**Your objective:** Please print the entries below exactly, from the line with "Construction Site Dust" through the line with "VINTAGE 1960’s UNION", including both of those lines and leaving out all others.

**Entries provided:**
%%

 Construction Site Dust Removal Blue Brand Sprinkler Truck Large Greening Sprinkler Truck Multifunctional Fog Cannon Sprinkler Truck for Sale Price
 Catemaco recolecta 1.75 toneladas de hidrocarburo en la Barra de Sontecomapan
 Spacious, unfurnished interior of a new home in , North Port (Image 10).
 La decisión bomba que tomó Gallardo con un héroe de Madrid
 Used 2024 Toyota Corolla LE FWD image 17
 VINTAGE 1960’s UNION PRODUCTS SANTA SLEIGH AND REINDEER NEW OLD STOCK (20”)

%%
%%

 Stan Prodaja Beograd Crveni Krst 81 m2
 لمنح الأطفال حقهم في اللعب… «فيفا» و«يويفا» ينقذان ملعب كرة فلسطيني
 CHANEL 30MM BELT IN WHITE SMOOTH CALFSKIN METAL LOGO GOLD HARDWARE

%%

**Answer to this exercise:**
 Construction Site Dust Removal Blue Brand Sprinkler Truck Large Greening Sprinkler Truck Multifunctional Fog Cannon Sprinkler Truck for Sale Price
 Catemaco recolecta 1.75 toneladas de hidrocarburo en la Barra de Sontecomapan
 Spacious, unfurnished interior of a new home in , North Port (Image 10).
 La decisión bomba que tomó Gallardo con un héroe de Madrid
 Used 2024 Toyota Corolla LE FWD image 17
 VINTAGE 1960’s UNION PRODUCTS SANTA SLEIGH AND REINDEER NEW OLD STOCK (20”)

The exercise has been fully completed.